### [What is needed]
All pictures are to be dropped, and the remaining data set down exactly.

### [Data extract]
'''

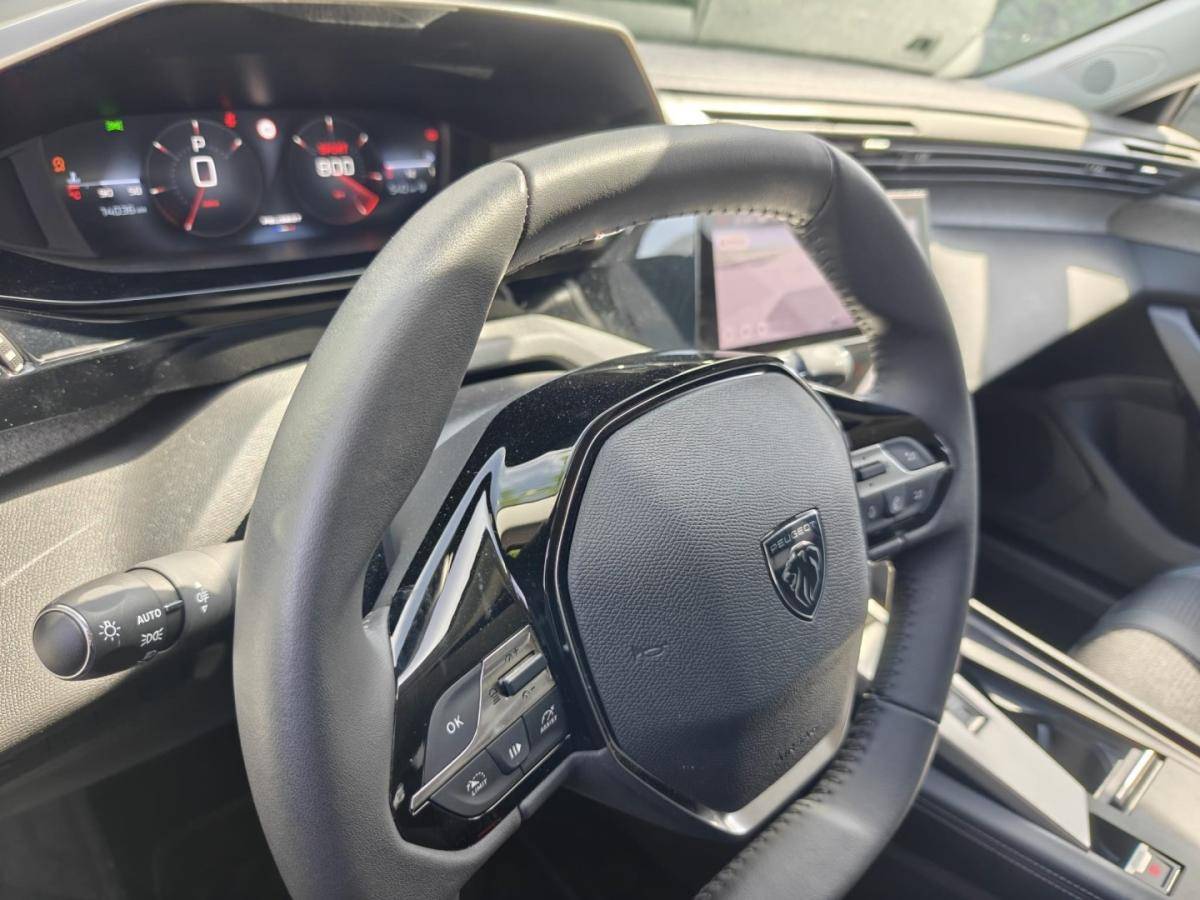 peugeot-308-sw-2023-gasolina-1199cc
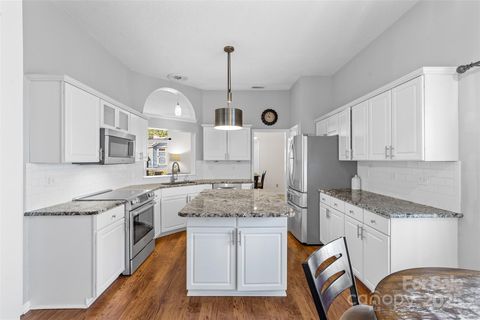 Photo of 3705 Armitage Drive, Charlotte, NC 28269 (MLS # 4301234) Photo of 3705 Armitage Drive, Charlotte, NC 28269 (MLS # 4301234)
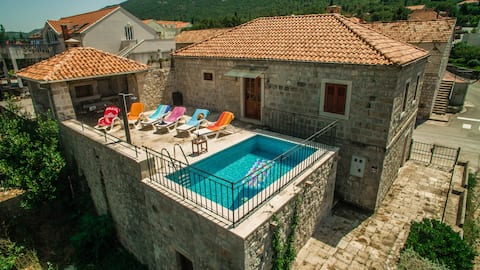 Rustic Villa Petrosa with pool near Dubrovnik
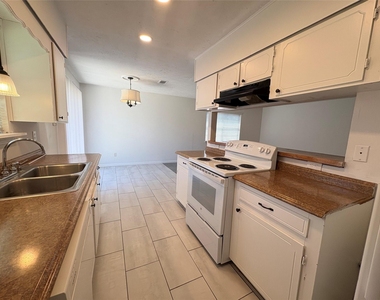 2502 Marble Falls Drive - Photo Thumbnail 7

'''

### [Result for this exercise]
 peugeot-308-sw-2023-gasolina-1199cc
 Photo of 3705 Armitage Drive, Charlotte, NC 28269 (MLS # 4301234) Photo of 3705 Armitage Drive, Charlotte, NC 28269 (MLS # 4301234)
 Rustic Villa Petrosa with pool near Dubrovnik
 2502 Marble Falls Drive - Photo Thumbnail 7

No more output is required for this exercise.